Titelblatt der Erstausgabe

(Bild: NSA)

Der technische, auf die Auslandsspionage spezialisierte Geheimdienst war lange für extreme Geheimniskrämerei sogar rund um die eigene Existenz bekannt. Das Kürzel NSA stand lange für "No Such Agency" oder "Never Say Anything". Einer größeren Öffentlichkeit bekannt wurde der Dienst in den vergangenen Jahren aufgrund des von ihm betreuten Lauschprogramms, in dem auch US-Bürger ins Visier der Behörde und ihrer richterlich nicht abgesegneten Abhörungen gerieten.

Mittlerweile stellt sich die NSA, die 30.000 Mitarbeiter am ihrem Stammsitz in Fort Meade und weltweit beschäftigt, teils sogar mit Auftritten auf Hackerkonferenzen der öffentlichen Debatte. Nach eigenen Angaben hat die NSA die meisten Mathematiker der USA in ihren Diensten, dazu kommen Analysten und Linguisten, die über 120 Sprachen beherrschen.

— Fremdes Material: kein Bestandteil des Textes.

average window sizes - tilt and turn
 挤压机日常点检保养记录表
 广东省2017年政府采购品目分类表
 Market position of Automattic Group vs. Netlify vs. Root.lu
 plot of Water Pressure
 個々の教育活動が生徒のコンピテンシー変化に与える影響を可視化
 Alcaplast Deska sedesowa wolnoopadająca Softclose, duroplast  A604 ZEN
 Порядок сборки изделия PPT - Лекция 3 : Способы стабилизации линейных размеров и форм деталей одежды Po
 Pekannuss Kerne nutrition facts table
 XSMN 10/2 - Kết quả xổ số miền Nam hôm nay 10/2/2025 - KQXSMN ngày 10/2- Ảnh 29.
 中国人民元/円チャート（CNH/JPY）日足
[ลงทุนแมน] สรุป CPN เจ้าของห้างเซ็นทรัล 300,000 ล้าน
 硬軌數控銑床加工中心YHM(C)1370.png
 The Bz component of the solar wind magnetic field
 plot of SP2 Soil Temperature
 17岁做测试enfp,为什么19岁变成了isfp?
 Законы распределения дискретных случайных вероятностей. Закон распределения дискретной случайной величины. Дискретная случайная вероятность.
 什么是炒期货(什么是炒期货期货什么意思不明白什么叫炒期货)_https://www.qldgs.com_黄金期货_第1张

Präsident Harry Truman etablierte die NSA 1952 mit dem Ziel, die kryptologischen Fähigkeiten der US-Regierung zu bündeln. "Kryptologie ist die Unternehmung, Codes zu entwickeln und zu brechen", umschreibt der amtierende Justiziar des Nachrichtendienstes, Rajesh De, das bis heute gebliebene Kerngeschäft. Es geht also um das Verschlüsseln und Abschirmen von Botschaften einerseits sowie und das Knacken der Kommunikationssicherheit andererseits.

Das Informationsblatt Cryptolog, das dem Vernehmen nach in den ersten Jahren auf speziell abgesicherten IBM-Schreibmaschinen verfasst wurde, war bislang als streng geheim eingestuft und durfte nicht einmal in der Kantine gelesen werden. Einen Großteil der anfangs monatlich, in den späten 90ern halbjährlich erscheinenden Publikation hält die US-Regierung inzwischen aber nicht mehr für schützenswert.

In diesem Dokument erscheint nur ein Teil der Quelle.